- Battle of Tacuarembó: Part of the Portuguese conquest of the Banda Oriental
| Date | 22 January 1820 |
| Location | Tacuarembó, Uruguay |
| Result | Luso-Brazilian victory |
| Territorial changes | Annexation of the Banda Oriental by the United Kingdom of Portugal, Brazil and the Algarves |

Belligerents
- United Kingdom: Federal League

Commanders and leaders
- Count of Figueira: Andrés Latorre Pantaleón Sotelo †

Strength
- 1,200–4,000 2 guns: 2,000–2,500 4 guns

Casualties and losses
- 6: 1 killed 5 wounded: 1,005: 500 killed 505 captured

= Battle of Tacuarembó =

The Battle of Tacuarembó took place between the Luso-Brazilian forces under the command of José de Castelo Branco Correia, Count of Figueira, and the Artiguist forces of Andrés Latorre in Tacuarembó, modern-day Uruguay.

The encounter resulted in a catastrophe for the Artiguist army.

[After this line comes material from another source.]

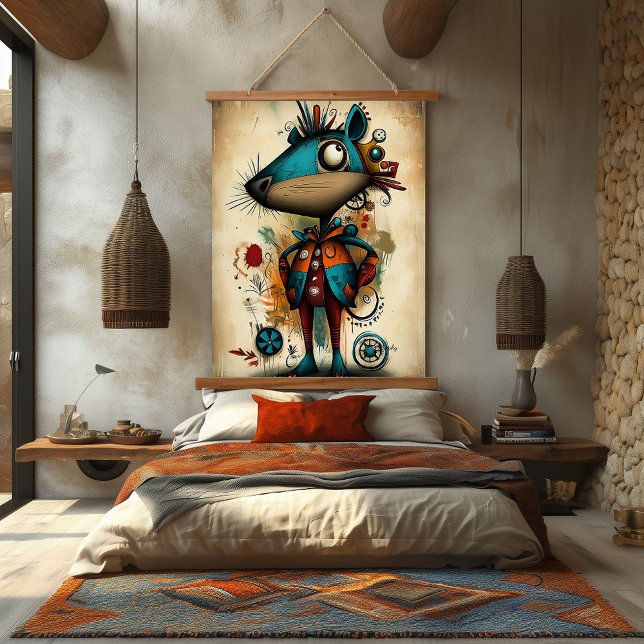 Quirky Abstract Capybara Art Hanging Tapestry (Creator Uploaded)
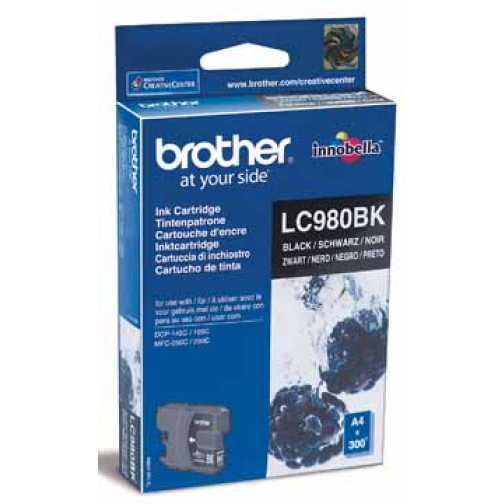 Brother inktcartridge, 300 pagina's, OEM LC-980BK, zwart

Indeed, out of 2,500 men, 500 were killed and 505 were captured, while the Luso-Brazilian forces only had 6 casualties (1 soldier killed and 5 wounded).

Due to the complete annihilation of Latorre's forces, the battle was a severe blow to the independentist cause and determined the victory of the United Kingdom of Portugal, Brazil and the Algarves in the war.